Shaggy talks about our title chances etc
Some good stuff here taken from the Echo
To be honest i do like the guy and i think his transfer was simply delt with wrong. (nothing changes there) We did try to sell him to Barcelona when he didnt want to go. Read God's book and you get a better version of events.
CHAOS to play in, simple to prepare for. Steve McManaman may be poised to make his derby debut in front of the cameras, but the experience from his playing days will ensure there is no need for him to spend the next few days with his head buried in a script.
Almost 10 years have passed since McManaman last experienced the hurly-burly of this neighbourhood squabble as a player, his final outing being a 3-2 win at Anfield in April 1999 which, perhaps, is best remembered for the way Robbie Fowler ‘celebrated’ a certain goal.
Much, of course, has changed since then. McManaman, for one, had a hugely successful spell with Real Madrid before finishing his career after a stint with Manchester City, while Liverpool and Everton’s fortunes in domestic combat have dramatically improved.
But although the 36-year-old has spent much of the last decade in different parts of the world, his enthusiasm for the fortunes of Merseyside’s two clubs has never waned, which means he will slip into his role as Setanta’s main pundit next week as deftly as he used to skip past defenders.

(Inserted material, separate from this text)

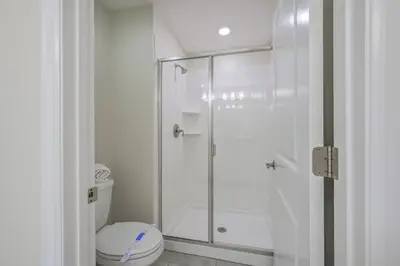 a white bathroom with a shower and a toilet at Férias Perfeitas! Casa 4Q+Piscina perto Disney in Kissimmee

Never short of an opinion, McManaman’s articulate way of making a point ensures he is a breath of fresh air compared to some analysts who do nothing but state the obvious, and with talking points guaranteed in the imminent double header, it is no wonder he cannot wait to get going.

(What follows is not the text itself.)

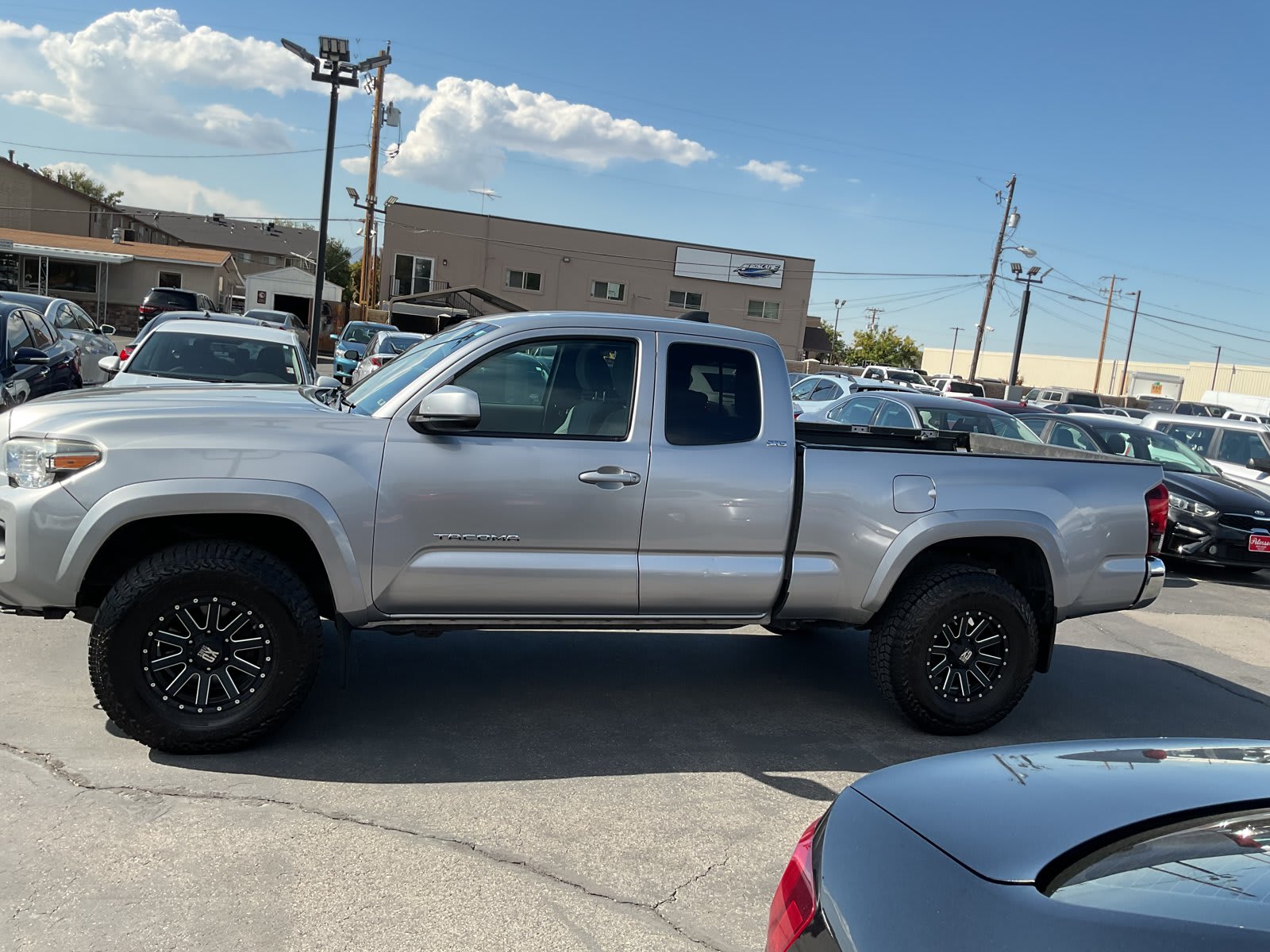 2021 Toyota Tacoma 4WD used extended cab pickup for sale at Peterson Auto Sales in Midvale, UT — photo 4 of 19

“When I had finished I just wanted to get away from it all and I had two years of travelling, doing one thing and another and of course, we had our first child,” said McManaman, a midfielder whose talents were beyond question.
“I hadn’t had any real thoughts of getting involved in the media, but I was contacted by Setanta and after a chat with a guy called Andrew Hornett, he outlined his plans. I knew they were a good company as they basically owned every scrap of TV in Ireland.
“Things moved on from there and I’m thoroughly enjoying it now. I work with some really nice people and you can’t ask for more than going to a place of work, where things are enjoyable and you can have a laugh and a joke. It’s like being part of another family.
“That was the case when I was a player – you’d be in a dressing room with 20 lads and the camaraderie would be great – and that is the case now. Again you’re working with a crew of 20 people and you’re working to one aim and that’s to get a great show out.
“Some matches you read piles of notes and pages of statistics but for a derby it comes easy. I’m a local lad, who was lucky enough to play in a few, so it’s all about conveying the emotion and passion involved.
“They should both be cracking occasions. Everton are doing well and have played some of their best football without a centre-forward. If they can stay in the top six again, it would be another great achievement and bring the focus back on Merseyside football again.”
Passion is one thing that certain Liverpool supporters have accused McManaman of lacking for the club and some are still clearly irked by the manner of his departure to Madrid, as he became the first high-profile Bosman departure.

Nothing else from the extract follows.